Bill Zwecker admits that while Mrs. Clinton might have been
over-simplified by the media in the past, that is changing. "In the beginning there
was so much emphasis on her as some kind of super-woman that there was short-shrift given
to her other duties as First Lady -- as official hostess, for example. We (the press) have
been doing a better job of covering her in a more balanced way."
Ms. Carlson, herself a mother and career woman, suggested to HCQ
that one reason the press corps sometimes has trouble covering the First Lady is that
"there are a lot of men in it." Conceding that it's "all new to us (women),
too," Carlson nevertheless believes it's more difficult for male journalists to
understand and relate to the First Lady. "I think men are much simpler creatures.
They go to work and they're at work. You don't find out if they had children until their
obit is written. Women are both traditional children-loving, child-centered,
husband-caring, grocery-shopping, neighborhood-helping people, and they are trust-busting
lawyers, tough journalists, and feminists."
According to Carlson, it's that diversity of roles, not a formulated
White House media strategy, that best explains why the First Lady might appear one week on
the cover of a traditional women's magazine and talk about child-rearing and family
issues, and the next week be featured in the political pages of news magazines such as Time
discussing health care reform. "If somebody called me and was doing a story for Parenting
magazine, I'd happily talk about my daughter and her soccer games," Carlson says.
"On the other hand, if American Lawyer calls and asks what it's like to be a
lawyer and a journalist, I'd talk about that aspect of my life, too."
Mrs. Clinton is not the first First Lady to be
"over-simplified" by the media, says Suzanne Fields: "That was true of
Rosalynn Carter and Nancy Reagan, too." Fields sees the one-dimensional portraits of
Mrs. Clinton as the work of Mrs. Clinton's handlers and special interest groups, not the
media. "As a lawyer, Hillary drew attention and was brought into the limelight by
feminists who wanted to make a big deal of her having a profession."
Susan Milligan believes that if there is a new White House media
strategy, its purpose is "to make it clear that she is a mother and a feeling person,
not just the health care coordinator. Personally, she's not as warm as President Clinton,
one on one. That just isn't her demeanor. They want her to have a somewhat softer
image."
Mrs. Clinton's interview with Katie Kouric, says Milligan, was
clearly an effort to "soften" the First Lady's image, though from Milligan's
perspective, it didn't quite ring true. "I don't think she enjoyed answering those
questions -- she doesn't like talking about her personal life. Even so, I got the
impression they thought it would be a good idea to show that side of her."

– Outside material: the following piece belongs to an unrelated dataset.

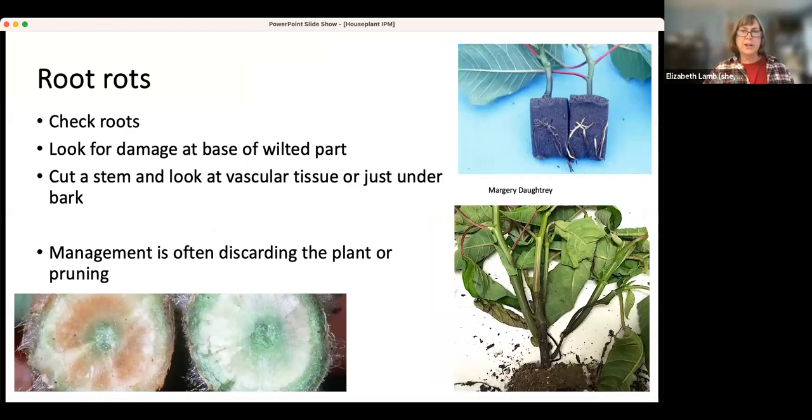Root rots are another thing that come along with too much water. You actually want to look at the roots — what you want are nice white roots. This is a healthy poinsettia cutting, and this is a not-so-healthy poinsettia cutting that has roots that are brown. You have to knock it out of the pot. Also look for damage at the bottom of the plant — you can see it's discolored and this poinsettia has wilted.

To Bill Zwecker, the First Lady's media image is not as closely
managed as some might think. "This White House is not as calculating as people
assume, and that might be one of their problems. I don't see them sitting around and
strategizing about image. Clinton's people are a lot more issue oriented than
issue-management oriented. All the years with Nixon and Watergate formed a lot of
journalists' approach to life -- we automatically assume everyone is out there
spin-doctoring everything."
If the love affair between the media and First Lady is on again, is
it likely to stay that way? Says Zwecker: "I'm a great believer in the pendulum
theory. It's hard to find a middle ground -- it tends to swing one way or another. It's
like a feeding frenzy in this business. If someone writes a story, everybody jumps on the
bandwagon. If it's negative, then everybody's on that negative side. Then reporters start
thinking, 'Gee, we're being too negative,' and the pendulum moves back the other way and
we tend to be too soft. We tend to be more controlled by that pendulum than we
should."
"It's like a marriage," says Susan Milligan about the
media-White House relationship. "There's always going to be ups and downs in the
relationship. You're practically living with each other. You're bound to fight."